WORK ITEM: Return each entry below exactly. Skip the images.

Saved entries:
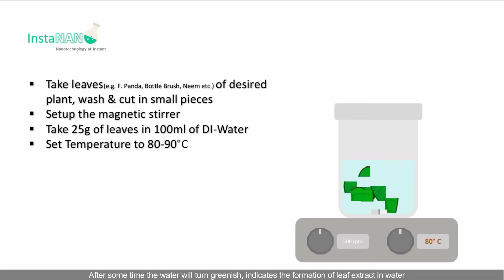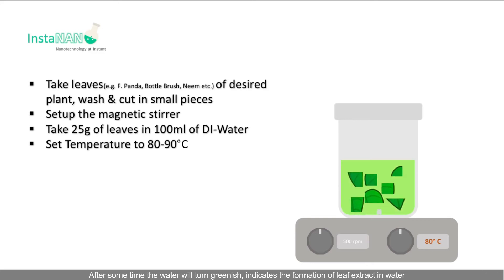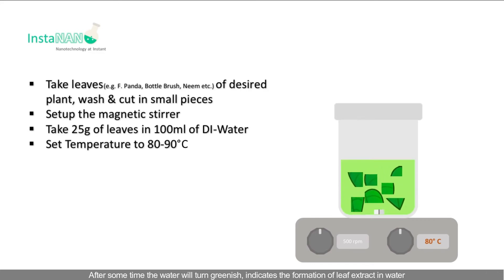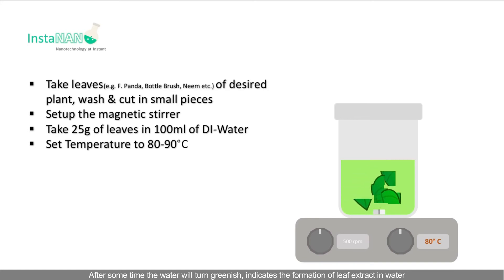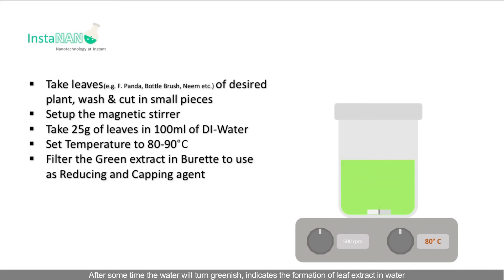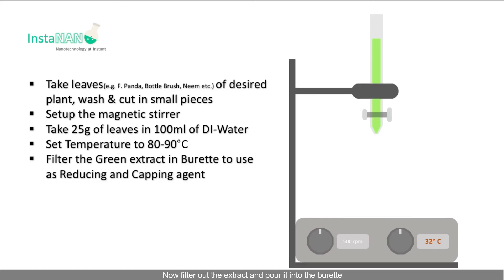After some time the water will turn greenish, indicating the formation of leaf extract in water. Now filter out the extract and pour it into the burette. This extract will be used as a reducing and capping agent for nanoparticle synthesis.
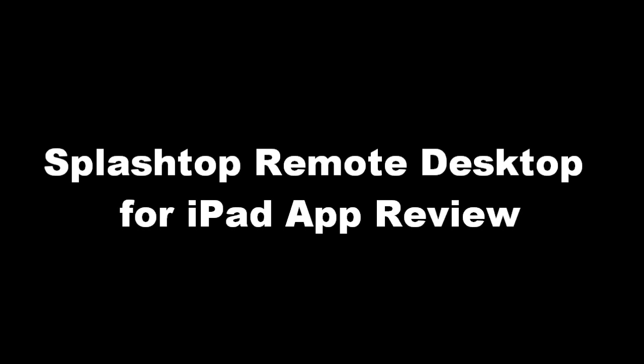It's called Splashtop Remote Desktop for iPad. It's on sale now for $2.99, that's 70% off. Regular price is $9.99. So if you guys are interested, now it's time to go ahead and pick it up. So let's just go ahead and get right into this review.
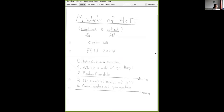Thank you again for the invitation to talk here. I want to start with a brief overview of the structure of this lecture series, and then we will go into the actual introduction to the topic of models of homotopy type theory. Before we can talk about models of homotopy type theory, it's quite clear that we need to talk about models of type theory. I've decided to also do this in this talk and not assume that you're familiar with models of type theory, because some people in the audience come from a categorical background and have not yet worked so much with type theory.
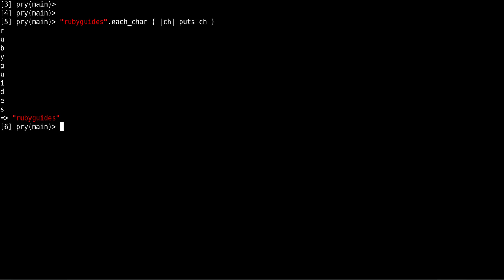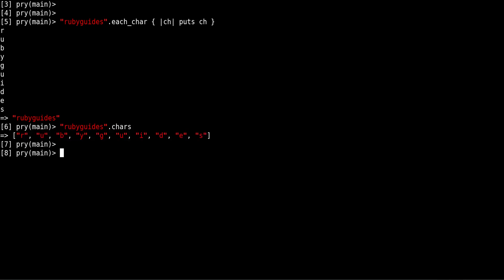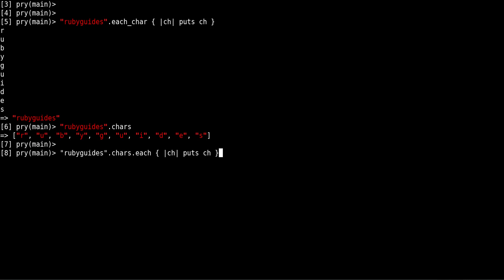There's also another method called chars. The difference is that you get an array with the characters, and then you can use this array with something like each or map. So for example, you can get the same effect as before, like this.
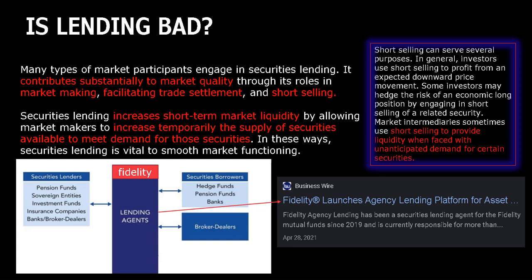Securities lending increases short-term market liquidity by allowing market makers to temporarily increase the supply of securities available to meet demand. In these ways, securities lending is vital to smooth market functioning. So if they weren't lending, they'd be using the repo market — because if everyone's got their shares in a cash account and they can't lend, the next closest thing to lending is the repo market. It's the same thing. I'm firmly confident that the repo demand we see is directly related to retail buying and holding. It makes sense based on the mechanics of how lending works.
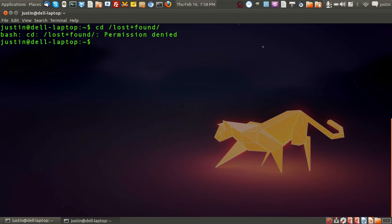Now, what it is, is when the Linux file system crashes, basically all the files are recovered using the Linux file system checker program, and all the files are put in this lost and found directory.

OUTPUT:
After some time the water will turn greenish, indicating the formation of leaf extract in water. Now filter out the extract and pour it into the burette. This extract will be used as a reducing and capping agent for nanoparticle synthesis.
It's called Splashtop Remote Desktop for iPad. It's on sale now for $2.99, that's 70% off. Regular price is $9.99. So if you guys are interested, now it's time to go ahead and pick it up. So let's just go ahead and get right into this review.
Thank you again for the invitation to talk here. I want to start with a brief overview of the structure of this lecture series, and then we will go into the actual introduction to the topic of models of homotopy type theory. Before we can talk about models of homotopy type theory, it's quite clear that we need to talk about models of type theory. I've decided to also do this in this talk and not assume that you're familiar with models of type theory, because some people in the audience come from a categorical background and have not yet worked so much with type theory.
There's also another method called chars. The difference is that you get an array with the characters, and then you can use this array with something like each or map. So for example, you can get the same effect as before, like this.
Securities lending increases short-term market liquidity by allowing market makers to temporarily increase the supply of securities available to meet demand. In these ways, securities lending is vital to smooth market functioning. So if they weren't lending, they'd be using the repo market — because if everyone's got their shares in a cash account and they can't lend, the next closest thing to lending is the repo market. It's the same thing. I'm firmly confident that the repo demand we see is directly related to retail buying and holding. It makes sense based on the mechanics of how lending works.
Now, what it is, is when the Linux file system crashes, basically all the files are recovered using the Linux file system checker program, and all the files are put in this lost and found directory.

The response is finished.